Can Kobo Level the Playing Field?

Josie Leavitt -- November 1st, 2012

The Kindle has done much to erode sales at brick and mortar bookstores. I think mine is not unique in that there are customers I haven’t seen in the store for a year or longer. These folks, at the least the five I spoke to, all have confessed to getting a Kindle. These folks have stopped buying physical books. They only read on their e-readers. While I don’t understand this, I have to find a way to get these folks buying their e-books from me.

There was an inelegant solution with Google. Indies could be affiliates of Google and get a small percentage of the e-book sale through their website. Shortly after the deal went through, Google began letting indies know they didn’t much care for us. Many stores were cut off just as they started to build campaigns around being able to sell e-books. The final blow came when Google announced they were opening their own store and would no longer let indies sell e-books. This goes into effect on January 13th.

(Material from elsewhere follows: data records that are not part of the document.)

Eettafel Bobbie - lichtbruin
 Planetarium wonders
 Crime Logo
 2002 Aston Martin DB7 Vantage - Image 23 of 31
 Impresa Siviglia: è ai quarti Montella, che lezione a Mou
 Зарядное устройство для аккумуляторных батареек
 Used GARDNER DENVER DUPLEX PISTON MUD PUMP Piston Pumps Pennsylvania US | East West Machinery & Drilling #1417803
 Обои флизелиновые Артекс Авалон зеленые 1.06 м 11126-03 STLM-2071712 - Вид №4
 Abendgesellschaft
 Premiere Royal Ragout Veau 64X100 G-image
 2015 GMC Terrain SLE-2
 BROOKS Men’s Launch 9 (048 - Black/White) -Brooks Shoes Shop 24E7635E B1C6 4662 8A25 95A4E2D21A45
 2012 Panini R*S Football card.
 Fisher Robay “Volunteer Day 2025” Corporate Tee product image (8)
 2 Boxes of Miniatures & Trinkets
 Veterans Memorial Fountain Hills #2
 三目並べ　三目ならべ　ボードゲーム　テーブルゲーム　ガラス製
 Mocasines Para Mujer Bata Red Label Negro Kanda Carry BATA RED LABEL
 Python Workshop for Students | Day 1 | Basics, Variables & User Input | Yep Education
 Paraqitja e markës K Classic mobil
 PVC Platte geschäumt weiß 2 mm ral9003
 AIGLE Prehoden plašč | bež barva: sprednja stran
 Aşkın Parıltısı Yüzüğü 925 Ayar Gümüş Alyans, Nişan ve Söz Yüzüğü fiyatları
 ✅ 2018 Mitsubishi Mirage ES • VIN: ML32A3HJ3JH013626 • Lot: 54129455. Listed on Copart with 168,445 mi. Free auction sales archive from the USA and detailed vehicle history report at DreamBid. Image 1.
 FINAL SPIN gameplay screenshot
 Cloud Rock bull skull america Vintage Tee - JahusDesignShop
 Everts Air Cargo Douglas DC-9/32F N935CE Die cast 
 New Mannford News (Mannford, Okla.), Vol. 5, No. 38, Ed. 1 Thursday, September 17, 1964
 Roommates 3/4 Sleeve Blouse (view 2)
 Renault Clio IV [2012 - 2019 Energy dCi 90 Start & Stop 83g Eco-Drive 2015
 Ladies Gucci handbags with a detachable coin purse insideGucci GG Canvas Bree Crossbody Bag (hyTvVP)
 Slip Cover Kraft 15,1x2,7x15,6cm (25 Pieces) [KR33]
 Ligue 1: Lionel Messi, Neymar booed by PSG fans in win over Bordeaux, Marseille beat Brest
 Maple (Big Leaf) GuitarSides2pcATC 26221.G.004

The American Booksellers Association was committed to helping us find a way to sell e-books. Enter Kobo, the e-book and e-reader solution. I have to admit, until September, I’d never heard of Kobo. But as I’ve learned more, I become more and more impressed, but I’m still skeptical. Indie bookstores who sign up will be able to buy e-readers right from Ingram. So, now folks can come into my bookstore and buy an e-reader. We are trying to get them away from Amazon during the holiday season.

This could be genius. A lot of the success of this program rests in our hands. As booksellers we have to embrace this and really push it. We have to have that hard conversation that none of us likes to have customers: we know you have an eReader or are thinking of getting one, shop local for that and we can sell you eBooks. We have to concede that we’re losing a part of the book buying pie before we can get folks to be eReaders and eBooks from us. Not everyone is comfortable with that.

Some bookstores argue that we should all stay focused on what we do best which is selling physical books. Let’s face it, we all opened our stores because we love books, real books (please don’t get all mad at me for saying that, but reading a screen is not the same thing as a book with pages, a spine and that wonderful book smell) that you can hold in your hand or open on your lap with your child ready to hear a story. We do do that well. But a lot of us are tiring of the “did you know you could buy eBooks from us” discussion. Customers found it difficult to navigate the Google wallet and often there were just too many steps involved to make for a smooth transaction. One thing I have to give Amazon is they know how to make just about every aspect of shopping easy. Come the holidays, the easier the experience the more likely it will be to be repeated.

Stores that have already signed up should be receiving their Kobo eReader displays next week. Payment for the ten eReader display aren’t due until January 15th and they are fully returnable until February. So, aside from the initial outlay, which is not inconsiderable, there is little risk. The challenge is selling the devices. Kenny Brechner, owner of DDG Books in Farmington, Maine has a great link on his website to Kobo.

Kenny’s advice to customers is simple: if you’re going to go the eReader route, do it with us. I think this is sage advice. By selling the devices in the store we are hopefully creating our own closed loop of device sales and eBook sales. I hope by heeding his advice we take the stigma, and sometimes shame, out of buying eReaders and eBooks for our customers. Now, perhaps we can have our cake and eat it too.